Before and after: transforming an attic into a dormitory

As I know you like “before and after” pictures, as do all those who are interested in interior design, here is a new one. It’s not about a client, but about my own country house.
We bought this house just over 10 years ago and frankly, there was a lot of work done and money spent on its renovation. As is often the case with old houses (this one is said to date from the early 20th century), you discover the extent of the damage as you go along. I’ve written about the country house “saga” in the “Souesmes” section of my other blog, if you’re interested!

Today I wanted to share with you the last big change we made to the house: there was no floor, just an attic. We insulated it, put in roof windows, drilled a hole for a staircase… so that we could turn this attic into a sleeping area. We were also able to add a shower room. 

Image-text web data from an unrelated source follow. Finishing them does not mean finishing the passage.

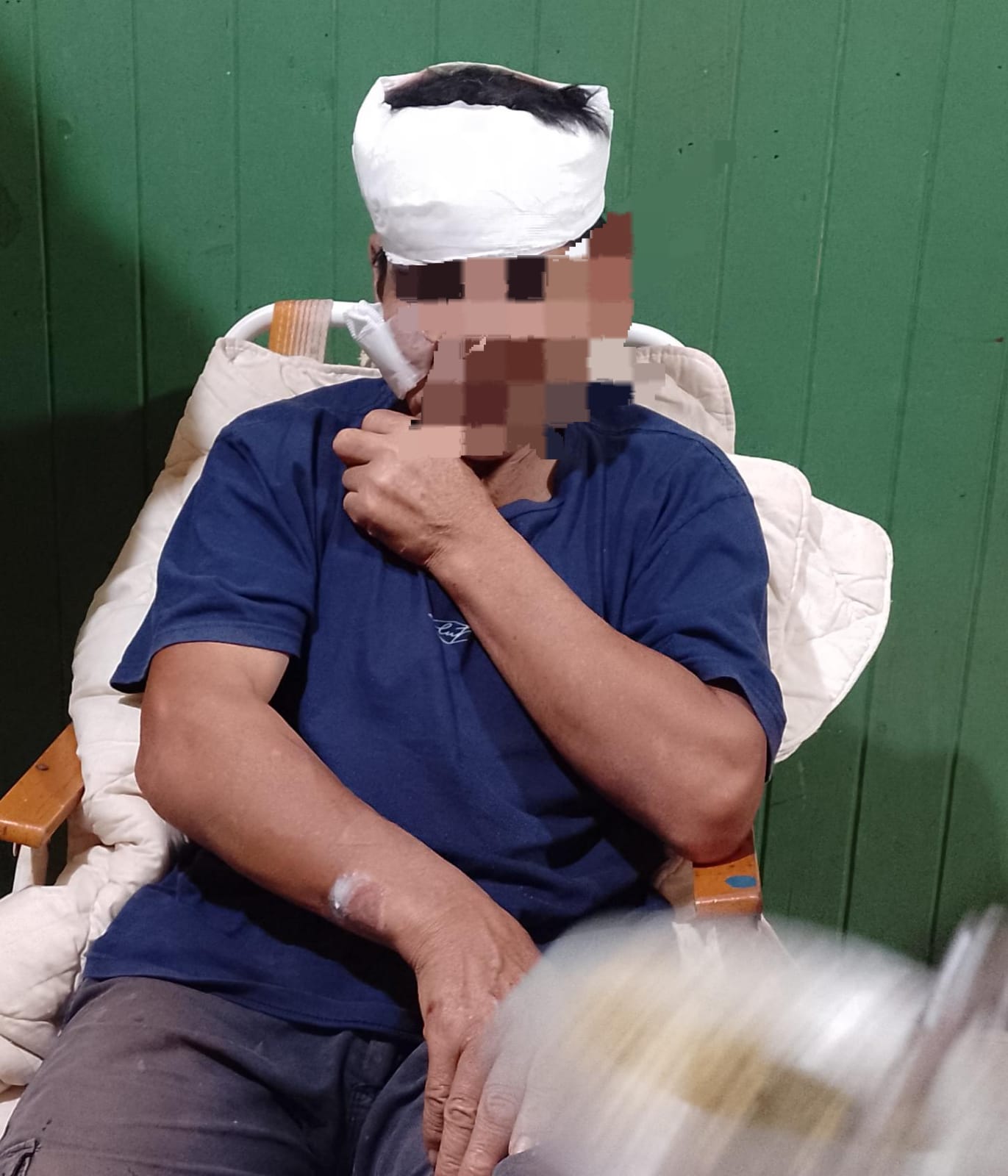 Iguazú: Iba a trabajar, lo atropellaron y se dieron a la fuga dejándolo tirado en el asfalto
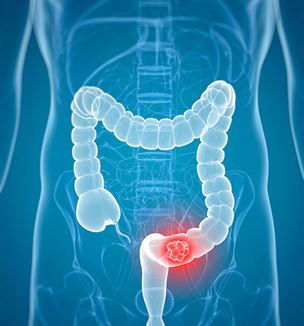 Getty image illustration of colorectal cancer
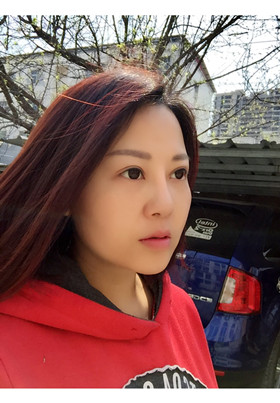 自體脂肪填充面部前后對比圖片，真的美了美了!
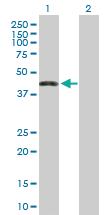 Anti-ZNF302 Mouse Polyclonal Antibody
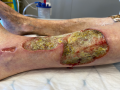 Pyoderma gangrenosum24.png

The first step, which seems like nothing… was to declutter everything. We used to store in the attic because the house doesn’t have a garage. 

You can see from the first photo that there are two hindquarters: even though I’m not very tall, I still have to bend my head down to get from one space to the other. We decided to keep them as they are, without trying to modify the structure to eliminate them. The cost would not have been justified.

To access the attic, we used a ladder (my pet peeve) outside the house. At first we wondered whether we would put a staircase outside (this is common in the village) as it would greatly limit the cost. But as we wanted to create a dormitory in this new space, especially for visiting friends, we couldn’t see them going outside in their pyjamas in the morning to have coffee in the kitchen!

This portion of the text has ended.